→ **Exercise instructions**
Exactly as written, reproduce the lines from the beginning of the data through the line containing "and legs. Nala"; the pictures are not reproduced.

[Scraped caption text data]
Content starts

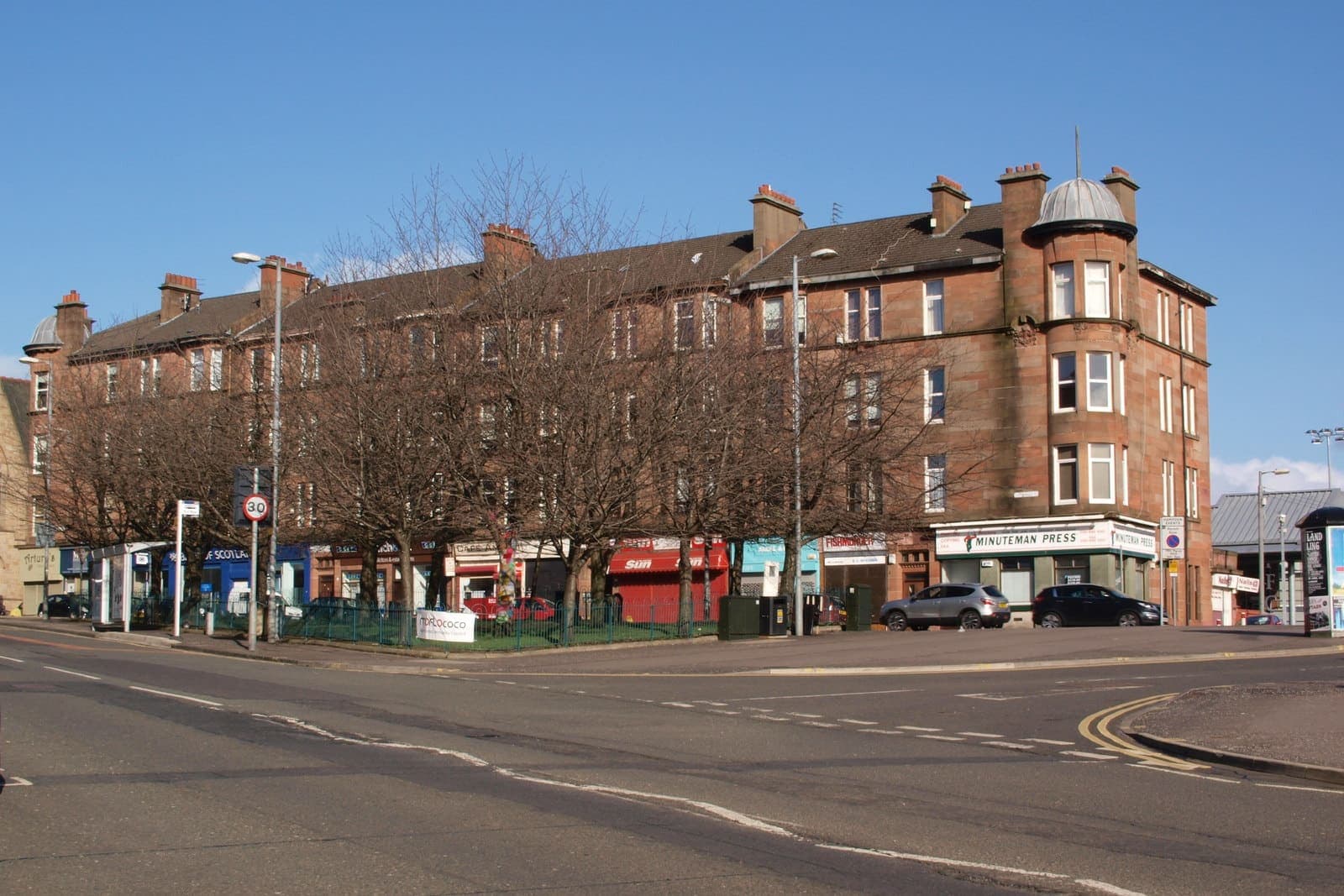 Sandstone tenements on Cathcart Road with Hampden Park behind, Mount Florida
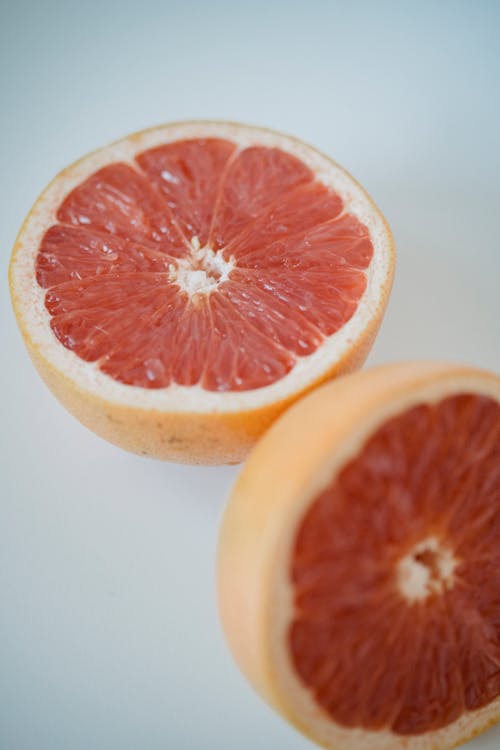 Sliced Grapefruit on White Surface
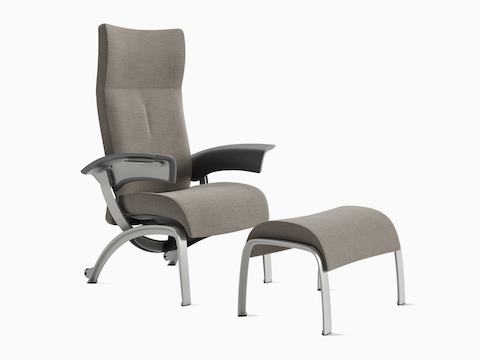 Nala Patient Chair and Ottoman in a gray upholstery with gray arms with a silver frame and legs. Nala Patient Chair and Ottoman in a gray upholstery with gray arms with a silver frame and legs.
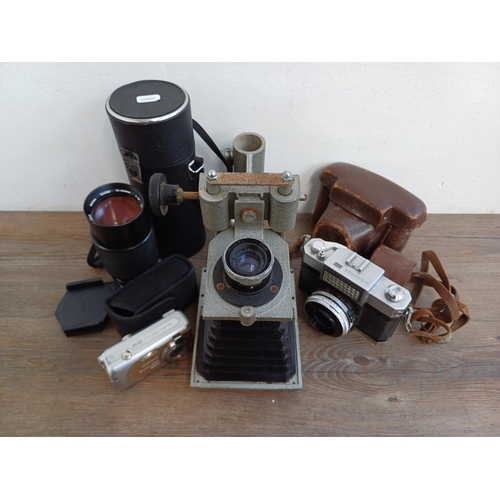 304 - Four items, one enlarger bellows fitted with Wray Supar 3 ¼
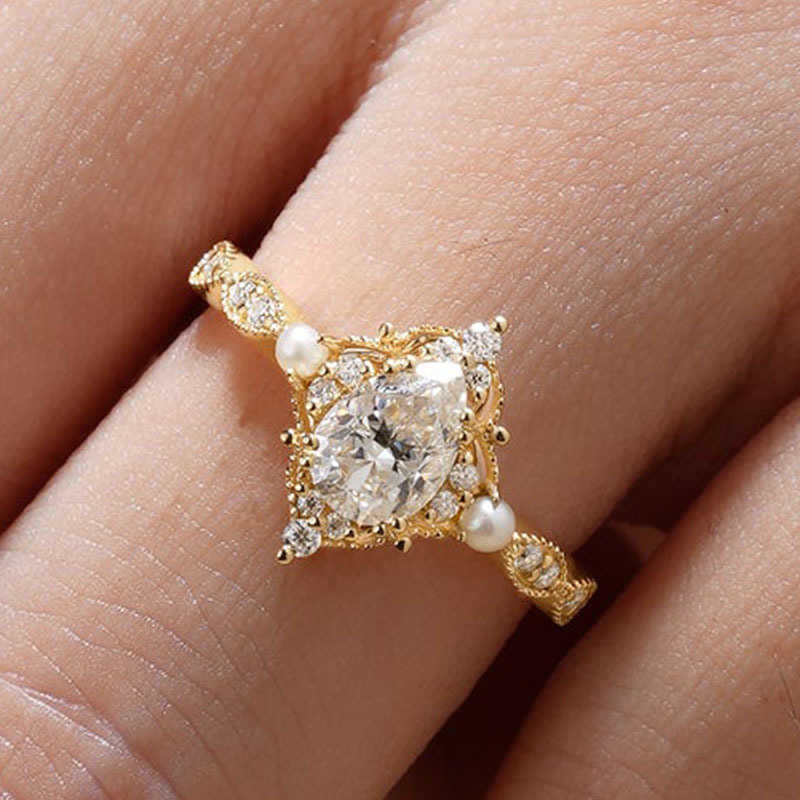 European and American jewelry copper inlaid water drop zircon pearl ring high-end lace crown finger ringXJ251031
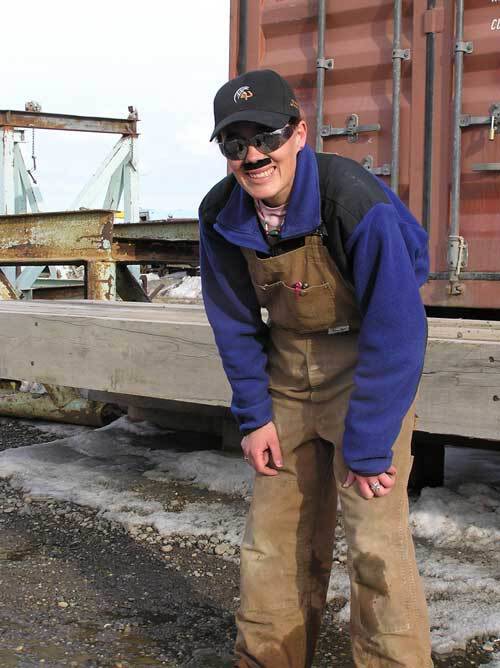 Biologist Stacia Backensto dons a disguise to fool ravens on Alaskas North Slope. (Courtesy Photo / Ned Rozell)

Content ends

→ **Exercise output**
 Sandstone tenements on Cathcart Road with Hampden Park behind, Mount Florida
 Sliced Grapefruit on White Surface
 Nala Patient Chair and Ottoman in a gray upholstery with gray arms with a silver frame and legs. Nala Patient Chair and Ottoman in a gray upholstery with gray arms with a silver frame and legs.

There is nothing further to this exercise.